/---

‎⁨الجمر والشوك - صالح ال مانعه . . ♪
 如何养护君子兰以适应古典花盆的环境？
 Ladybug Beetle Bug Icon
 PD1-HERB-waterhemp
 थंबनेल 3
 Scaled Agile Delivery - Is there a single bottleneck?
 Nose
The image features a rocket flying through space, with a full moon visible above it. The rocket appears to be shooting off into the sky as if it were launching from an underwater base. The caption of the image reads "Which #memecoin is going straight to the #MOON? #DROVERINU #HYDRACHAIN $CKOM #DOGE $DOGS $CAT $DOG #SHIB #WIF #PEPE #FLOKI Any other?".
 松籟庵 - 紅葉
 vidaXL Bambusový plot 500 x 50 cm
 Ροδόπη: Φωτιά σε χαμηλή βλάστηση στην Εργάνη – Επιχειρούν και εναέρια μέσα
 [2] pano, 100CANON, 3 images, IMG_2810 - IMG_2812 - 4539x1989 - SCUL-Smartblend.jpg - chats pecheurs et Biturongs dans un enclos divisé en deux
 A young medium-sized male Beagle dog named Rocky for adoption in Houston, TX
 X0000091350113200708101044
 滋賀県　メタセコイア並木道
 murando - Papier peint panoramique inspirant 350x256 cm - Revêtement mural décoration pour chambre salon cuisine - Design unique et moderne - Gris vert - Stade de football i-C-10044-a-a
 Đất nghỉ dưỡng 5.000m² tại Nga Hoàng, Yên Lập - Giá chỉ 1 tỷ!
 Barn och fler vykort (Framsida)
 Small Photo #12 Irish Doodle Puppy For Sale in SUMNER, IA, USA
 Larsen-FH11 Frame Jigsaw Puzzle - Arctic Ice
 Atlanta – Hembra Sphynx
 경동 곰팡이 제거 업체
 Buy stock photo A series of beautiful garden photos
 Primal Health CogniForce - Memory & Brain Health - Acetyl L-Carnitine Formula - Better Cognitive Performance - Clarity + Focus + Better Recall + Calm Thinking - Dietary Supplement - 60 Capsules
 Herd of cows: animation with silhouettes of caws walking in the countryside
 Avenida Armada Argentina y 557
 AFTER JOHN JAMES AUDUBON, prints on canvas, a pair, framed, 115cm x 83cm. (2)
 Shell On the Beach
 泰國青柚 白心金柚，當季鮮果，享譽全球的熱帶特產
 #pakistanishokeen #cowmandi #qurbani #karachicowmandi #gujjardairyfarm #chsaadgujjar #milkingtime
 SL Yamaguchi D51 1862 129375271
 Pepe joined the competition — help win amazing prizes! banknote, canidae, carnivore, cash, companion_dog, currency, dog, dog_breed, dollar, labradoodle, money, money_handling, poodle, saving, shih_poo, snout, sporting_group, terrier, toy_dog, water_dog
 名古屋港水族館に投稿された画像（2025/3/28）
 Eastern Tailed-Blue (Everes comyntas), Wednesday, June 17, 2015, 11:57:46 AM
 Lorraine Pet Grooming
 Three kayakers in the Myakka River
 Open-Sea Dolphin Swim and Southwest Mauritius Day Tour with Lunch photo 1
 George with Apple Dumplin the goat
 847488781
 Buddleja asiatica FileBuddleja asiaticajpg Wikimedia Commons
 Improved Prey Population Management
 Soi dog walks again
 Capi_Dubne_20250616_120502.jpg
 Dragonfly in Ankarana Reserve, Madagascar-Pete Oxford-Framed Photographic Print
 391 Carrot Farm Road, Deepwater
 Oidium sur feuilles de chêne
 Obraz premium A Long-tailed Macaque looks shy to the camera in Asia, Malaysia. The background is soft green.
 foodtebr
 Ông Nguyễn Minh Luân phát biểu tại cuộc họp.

\---

WHAT IS EXPECTED:
Everything from the first line of the data through the line containing "Buy stock photo" should be echoed exactly. Add nothing.

YOUR RESPONSE:
‎⁨الجمر والشوك - صالح ال مانعه . . ♪
 如何养护君子兰以适应古典花盆的环境？
 Ladybug Beetle Bug Icon
 PD1-HERB-waterhemp
 थंबनेल 3
 Scaled Agile Delivery - Is there a single bottleneck?
 Nose
The image features a rocket flying through space, with a full moon visible above it. The rocket appears to be shooting off into the sky as if it were launching from an underwater base. The caption of the image reads "Which #memecoin is going straight to the #MOON? #DROVERINU #HYDRACHAIN $CKOM #DOGE $DOGS $CAT $DOG #SHIB #WIF #PEPE #FLOKI Any other?".
 松籟庵 - 紅葉
 vidaXL Bambusový plot 500 x 50 cm
 Ροδόπη: Φωτιά σε χαμηλή βλάστηση στην Εργάνη – Επιχειρούν και εναέρια μέσα
 [2] pano, 100CANON, 3 images, IMG_2810 - IMG_2812 - 4539x1989 - SCUL-Smartblend.jpg - chats pecheurs et Biturongs dans un enclos divisé en deux
 A young medium-sized male Beagle dog named Rocky for adoption in Houston, TX
 X0000091350113200708101044
 滋賀県　メタセコイア並木道
 murando - Papier peint panoramique inspirant 350x256 cm - Revêtement mural décoration pour chambre salon cuisine - Design unique et moderne - Gris vert - Stade de football i-C-10044-a-a
 Đất nghỉ dưỡng 5.000m² tại Nga Hoàng, Yên Lập - Giá chỉ 1 tỷ!
 Barn och fler vykort (Framsida)
 Small Photo #12 Irish Doodle Puppy For Sale in SUMNER, IA, USA
 Larsen-FH11 Frame Jigsaw Puzzle - Arctic Ice
 Atlanta – Hembra Sphynx
 경동 곰팡이 제거 업체
 Buy stock photo A series of beautiful garden photos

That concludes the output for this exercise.